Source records
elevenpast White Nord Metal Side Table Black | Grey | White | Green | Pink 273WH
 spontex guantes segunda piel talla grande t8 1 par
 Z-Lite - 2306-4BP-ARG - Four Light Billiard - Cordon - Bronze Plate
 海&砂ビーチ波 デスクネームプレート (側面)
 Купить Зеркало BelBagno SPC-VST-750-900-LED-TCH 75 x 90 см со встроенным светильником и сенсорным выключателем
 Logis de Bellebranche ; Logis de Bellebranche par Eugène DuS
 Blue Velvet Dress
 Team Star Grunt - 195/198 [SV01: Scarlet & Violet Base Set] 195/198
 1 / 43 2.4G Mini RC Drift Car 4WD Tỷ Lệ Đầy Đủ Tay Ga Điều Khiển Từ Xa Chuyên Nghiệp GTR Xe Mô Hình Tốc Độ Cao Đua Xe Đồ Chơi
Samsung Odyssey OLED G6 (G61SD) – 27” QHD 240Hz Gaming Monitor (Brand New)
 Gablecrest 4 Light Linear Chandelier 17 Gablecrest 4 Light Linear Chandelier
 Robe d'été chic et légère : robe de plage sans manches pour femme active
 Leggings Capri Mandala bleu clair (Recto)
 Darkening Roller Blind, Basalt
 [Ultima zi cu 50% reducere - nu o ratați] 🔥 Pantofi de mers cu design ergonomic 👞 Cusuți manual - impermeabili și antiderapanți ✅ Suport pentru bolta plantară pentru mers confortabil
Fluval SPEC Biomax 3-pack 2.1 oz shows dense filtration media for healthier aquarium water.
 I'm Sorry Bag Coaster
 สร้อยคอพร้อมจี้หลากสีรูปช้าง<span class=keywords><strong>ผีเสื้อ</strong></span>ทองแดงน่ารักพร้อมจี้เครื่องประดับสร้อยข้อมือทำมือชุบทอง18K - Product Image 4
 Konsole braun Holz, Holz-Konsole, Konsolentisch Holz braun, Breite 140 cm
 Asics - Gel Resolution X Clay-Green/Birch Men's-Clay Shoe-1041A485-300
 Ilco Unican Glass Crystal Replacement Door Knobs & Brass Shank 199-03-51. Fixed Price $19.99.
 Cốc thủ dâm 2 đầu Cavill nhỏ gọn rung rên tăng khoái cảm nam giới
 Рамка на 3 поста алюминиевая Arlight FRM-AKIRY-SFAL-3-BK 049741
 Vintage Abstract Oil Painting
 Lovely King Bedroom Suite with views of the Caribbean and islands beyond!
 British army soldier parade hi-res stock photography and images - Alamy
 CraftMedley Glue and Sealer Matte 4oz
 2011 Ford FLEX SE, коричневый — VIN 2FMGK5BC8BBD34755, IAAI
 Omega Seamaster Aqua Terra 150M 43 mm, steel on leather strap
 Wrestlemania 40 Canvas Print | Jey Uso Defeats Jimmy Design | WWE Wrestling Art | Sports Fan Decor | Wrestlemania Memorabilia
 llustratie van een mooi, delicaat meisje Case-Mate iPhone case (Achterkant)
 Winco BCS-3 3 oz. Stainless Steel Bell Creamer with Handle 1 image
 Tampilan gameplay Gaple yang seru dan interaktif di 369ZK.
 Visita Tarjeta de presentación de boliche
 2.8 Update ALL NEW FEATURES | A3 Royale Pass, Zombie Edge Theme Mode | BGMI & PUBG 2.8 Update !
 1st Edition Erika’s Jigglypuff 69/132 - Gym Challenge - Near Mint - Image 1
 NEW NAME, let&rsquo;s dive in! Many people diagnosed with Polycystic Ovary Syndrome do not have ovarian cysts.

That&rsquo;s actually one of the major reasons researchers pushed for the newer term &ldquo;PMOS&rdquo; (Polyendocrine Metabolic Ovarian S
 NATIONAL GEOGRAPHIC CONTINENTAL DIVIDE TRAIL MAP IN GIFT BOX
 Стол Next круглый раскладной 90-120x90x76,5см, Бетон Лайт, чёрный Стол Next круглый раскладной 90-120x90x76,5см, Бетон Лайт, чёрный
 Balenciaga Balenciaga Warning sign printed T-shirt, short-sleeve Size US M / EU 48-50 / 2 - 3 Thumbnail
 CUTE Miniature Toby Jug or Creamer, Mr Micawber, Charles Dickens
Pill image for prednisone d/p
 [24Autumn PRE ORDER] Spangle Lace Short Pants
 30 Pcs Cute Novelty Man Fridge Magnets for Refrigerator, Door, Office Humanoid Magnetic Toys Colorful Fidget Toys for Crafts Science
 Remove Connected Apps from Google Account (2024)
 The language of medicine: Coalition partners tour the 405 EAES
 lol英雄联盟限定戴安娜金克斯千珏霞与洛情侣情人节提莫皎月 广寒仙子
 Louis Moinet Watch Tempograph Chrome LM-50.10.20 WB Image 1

> [Task description]: Determine which lines above include the word "rsquo", and report those lines in full.

> [Exercise solution]:
 NEW NAME, let&rsquo;s dive in! Many people diagnosed with Polycystic Ovary Syndrome do not have ovarian cysts.
That&rsquo;s actually one of the major reasons researchers pushed for the newer term &ldquo;PMOS&rdquo; (Polyendocrine Metabolic Ovarian S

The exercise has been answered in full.